I have two purposes in this essay. First, I want to introduce you to the logic behind American Constitutionalism. The best way to do that is to get you to think about other ideas about politics and forms of government. “If the logic behind the Constitution was so obvious, why wasn’t it tried for thousands of years?” is a serious question. Second, I want you to think about how we live now and consider carefully how the combination of checks and balances and separation of powers works. Putting you in dialogue with James Madison is a worthwhile goal.
The Federalist Papers by Hamilton (yes, that Hamilton), Madison, and Jay were written to convince New York State to ratify the Constitution. They are op-eds for newspapers. They serve as important points of entry to the various ideas underlying American Constitutionalism.
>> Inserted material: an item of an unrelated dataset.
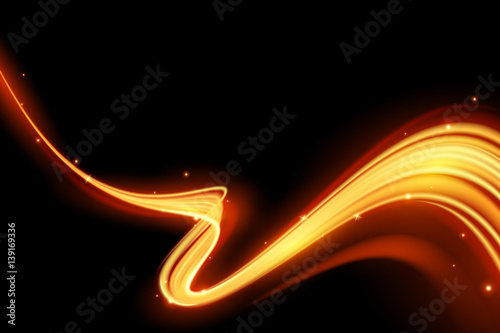Glowing magic light effect and long trails fire motion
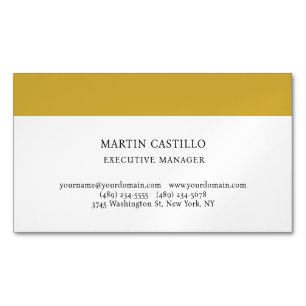 Gold White Color Modern Professional Serif Font Business Card Magnet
Hamilton very much wants a strong executive; Madison sees private property and freedom as inextricably linked. As you can see, they’re also part of American mythologizing, just as much as Lincoln living in a log cabin or George Washington chopping down a cherry tree. Their existence creates an aura: “our fundamental laws were deliberated publicly, with citizens reading, weighing what was said, and voting.”
The mythologizing can sometimes get in the way of us asking “How do things actually work?” When Madison opens Federalist 51, he has a sharp thesis about how he thinks things should work:
TO WHAT expedient, then, shall we finally resort, for maintaining in practice the necessary partition of power among the several departments, as laid down in the Constitution? The only answer that can be given is, that as all these exterior provisions are found to be inadequate, the defect must be supplied, by so contriving the interior structure of the government as that its several constituent parts may, by their mutual relations, be the means of keeping each other in their proper places.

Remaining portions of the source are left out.